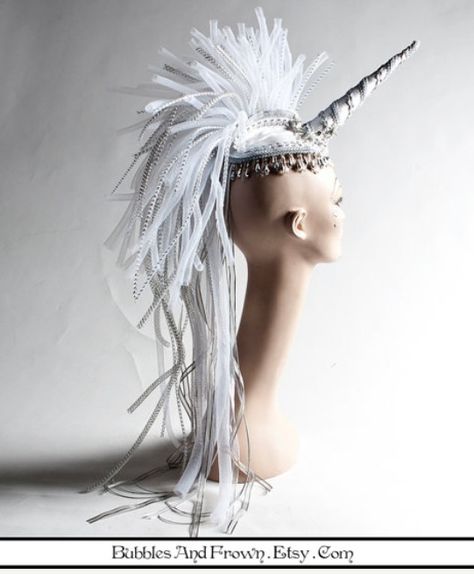 White unicorn headdress Unicorn Headpiece, Race 2, Fantasy Outfits, Burning Man Costume, Diy Kostüm, Unicorn Makeup, Unicorn Halloween, Unicorn Costume, Festival Gear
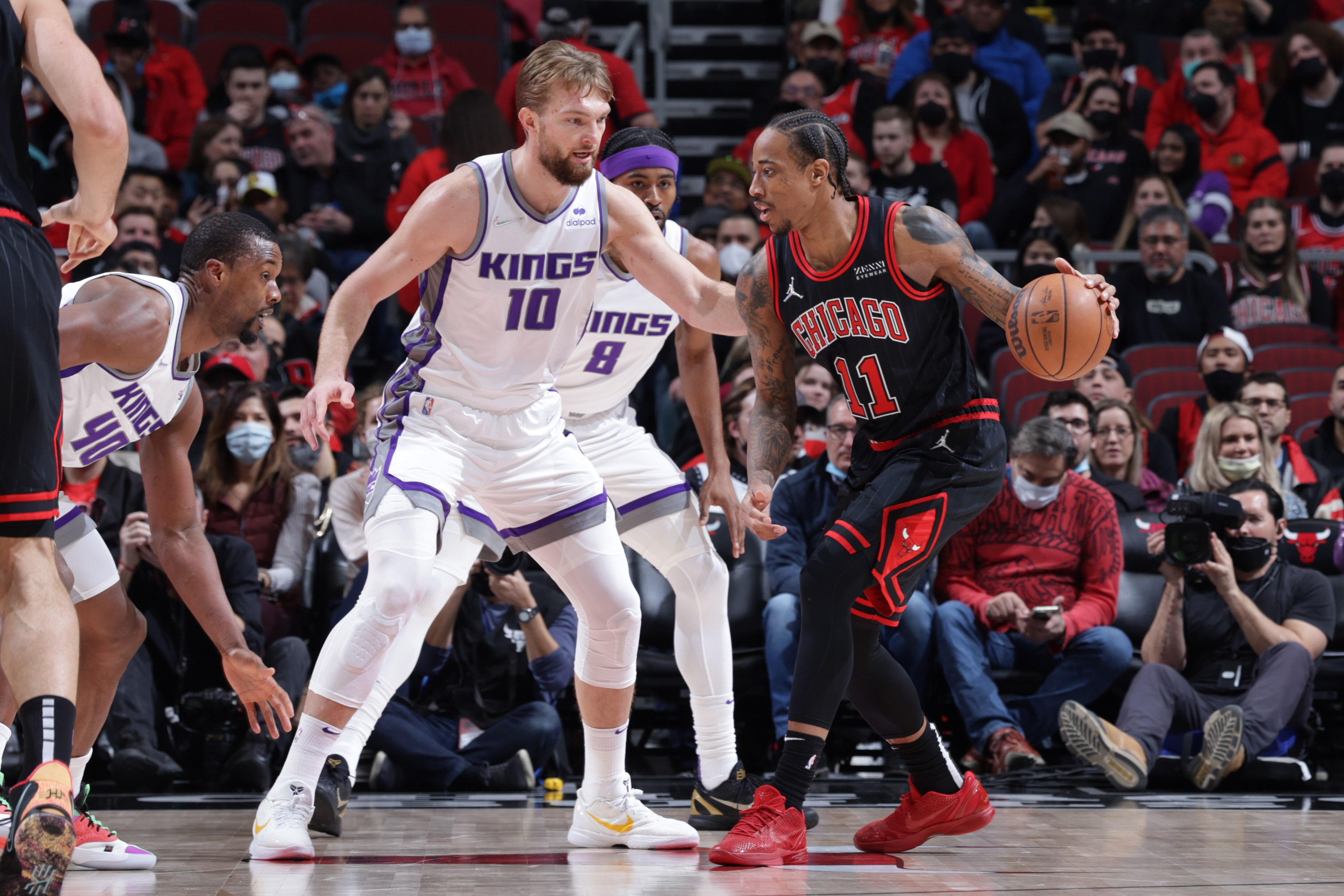 CHICAGO, IL - FEBRUARY 16: Domantas Sabonis #10 of the Sacramento Kings plays defense on DeMar DeRozan #11 of the Chicago Bulls during the game on February 16, 2022 at United Center in Chicago, Illinois. NOTE TO USER: User expressly acknowledges and agrees that, by downloading and or using this photograph, User is consenting to the terms and conditions of the Getty Images License Agreement. Mandatory Copyright Notice: Copyright 2022 NBAE (Photo by Jeff Haynes/NBAE via Getty Images)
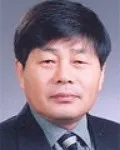 대학교수인 전종우의 대표 이미지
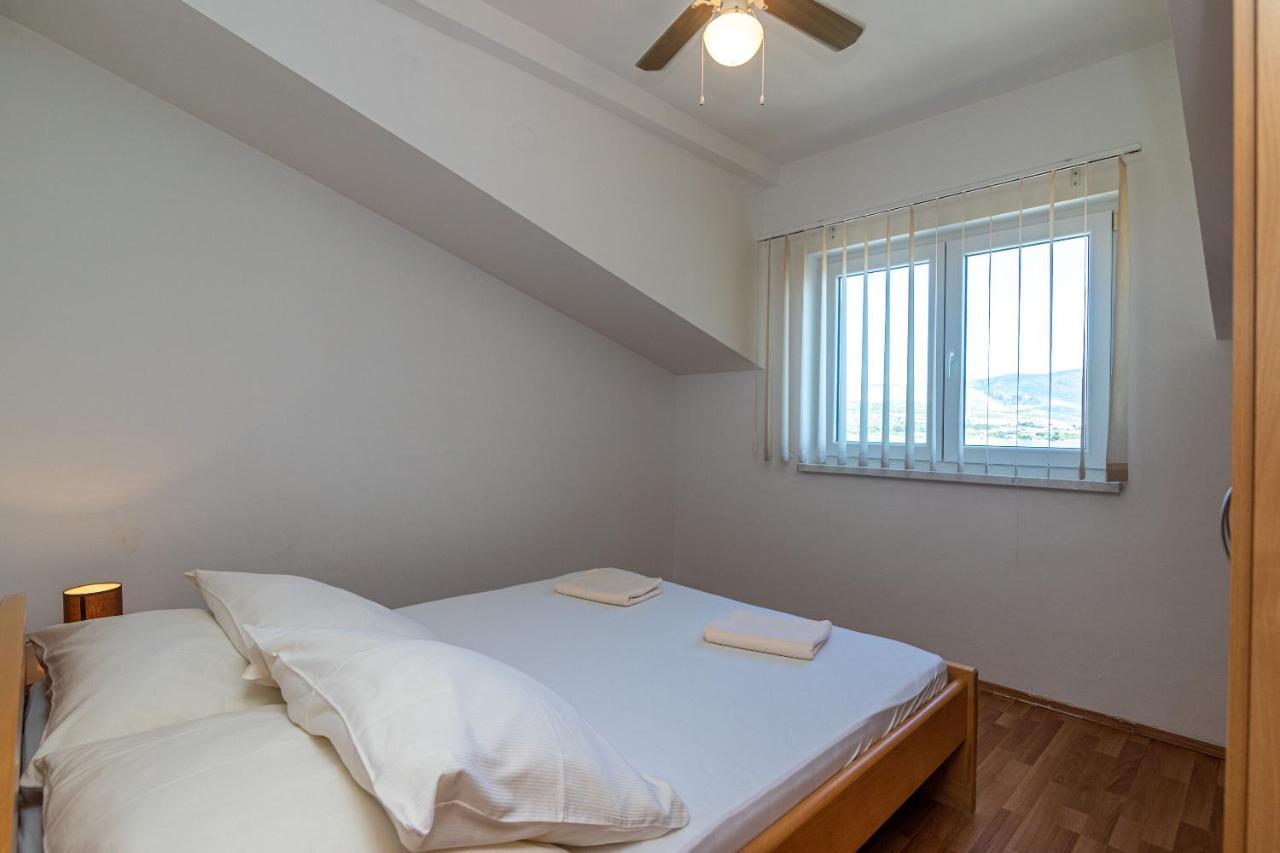 Apartments Janja Τρογκίρ Εξωτερικό φωτογραφία
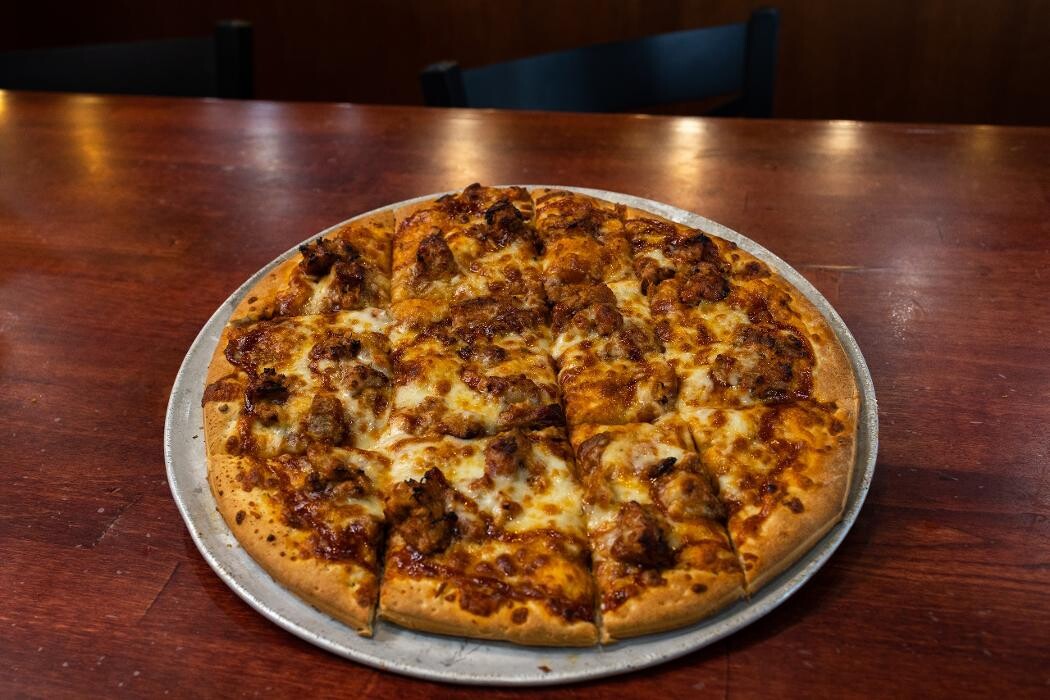 Images Boss' Pizza and Chicken Sports Bar Yankton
+++
#### [What is being asked]
Keeping the pictures out, print the entries above exactly as written.

#### [Exercise output]
 White unicorn headdress Unicorn Headpiece, Race 2, Fantasy Outfits, Burning Man Costume, Diy Kostüm, Unicorn Makeup, Unicorn Halloween, Unicorn Costume, Festival Gear
 CHICAGO, IL - FEBRUARY 16: Domantas Sabonis #10 of the Sacramento Kings plays defense on DeMar DeRozan #11 of the Chicago Bulls during the game on February 16, 2022 at United Center in Chicago, Illinois. NOTE TO USER: User expressly acknowledges and agrees that, by downloading and or using this photograph, User is consenting to the terms and conditions of the Getty Images License Agreement. Mandatory Copyright Notice: Copyright 2022 NBAE (Photo by Jeff Haynes/NBAE via Getty Images)
 대학교수인 전종우의 대표 이미지
 Apartments Janja Τρογκίρ Εξωτερικό φωτογραφία
 Images Boss' Pizza and Chicken Sports Bar Yankton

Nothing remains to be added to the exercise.